A supported recyclable catalyst with excellent activity and selectivity.

A supported recyclable catalyst with excellent activity and selectivity.

Italian scientists have been supporting the reuse of their hydrogenation catalysts to great effect, in an attempt to address the main raison d’Être for heterogeneous catalysis research - developing heterogeneous systems able to match the performance of their homogeneous counterparts but with the bonus of easy catalyst recovery.

Pierluigi Barbaro, from the Istituto di Chimica dei Composti OrganoMetallici, in Florence and his colleagues have developed a supported chiral phosphine rhodium hydrogenation catalyst able to be reused several times without significant leaching. They show that the readily available cation-exchange resin DOWEX 50WX2-100 is a suitable support for hydrogenation of prochiral alkenes, and the process of anchoring the catalyst onto the support is relatively easy - simply stir the catalyst with a lithiated form of the resin.

Catalysts

Barbaro and colleagues have obtained enantiomeric excesses of 73 per cent in the hydrogenation of methyl ( R)-3-hydroxybutyrate (using hydrogen gas), which matches the homogeneous system. Use of the probe substrate, methyl 2-acetamidoacrylate gave enantiomeric excesses as high as 99.9 per cent. Barbaro notes that the second use of the supported catalyst shows a drop in activity due to reduction of the ligands on the rhodium complex. However, subsequent uses show little change in activity and that the support does not degrade during hydrogenation. By simple filtration and washing with methanol, the catalyst is easily reused with negligible leaching (less than two per cent) of catalyst from the support.
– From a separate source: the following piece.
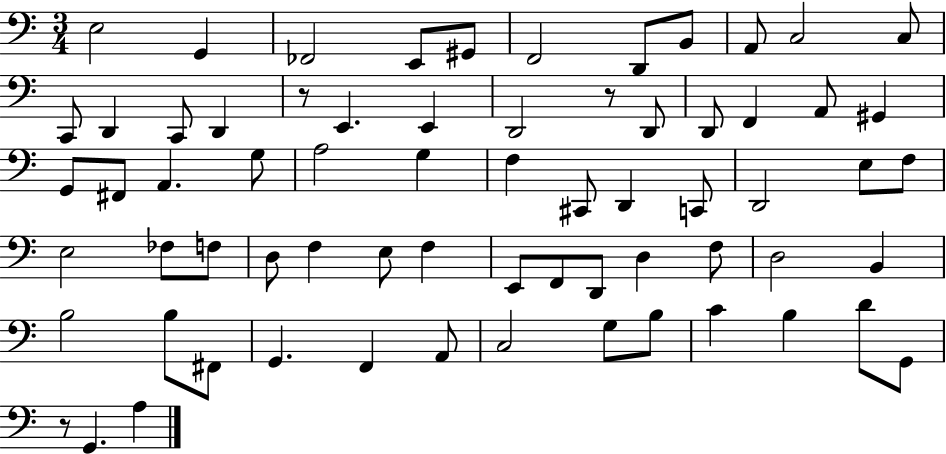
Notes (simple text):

E3/h G2/q FES2/h E2/e G#2/e F2/h D2/e B2/e A2/e C3/h C3/e C2/e D2/q C2/e D2/q R/e E2/q. E2/q D2/h R/e D2/e D2/e F2/q A2/e G#2/q G2/e F#2/e A2/q. G3/e A3/h G3/q F3/q C#2/e D2/q C2/e D2/h E3/e F3/e E3/h FES3/e F3/e D3/e F3/q E3/e F3/q E2/e F2/e D2/e D3/q F3/e D3/h B2/q B3/h B3/e F#2/e G2/q. F2/q A2/e C3/h G3/e B3/e C4/q B3/q D4/e G2/e R/e G2/q. A3/q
Commenting on the work Duncan Macquarrie from the Green Chemistry group at the University of York, UK, said ’The development of cleaner routes to key chemical intermediates is one of the most important things a chemist can do. Heterogenising homogeneous catalysts has the advantage of making recovery of the catalyst simpler and cleaner. The chances of recycling the catalyst (with clear economic benefits too) are also improved. Especially in the case of expensive metals and chiral ligands which may be even costlier. However, this is not a trivial matter, and activity and selectivity can be lost on attaching the catalyst to a support. Loss of small amounts of metal to the solution can also make the strategy worthless. In this case, all of the above criteria have been met, and this is an excellent (and rare) example of a heterogeneous, stable, recyclable catalyst with excellent activity and selectivity’.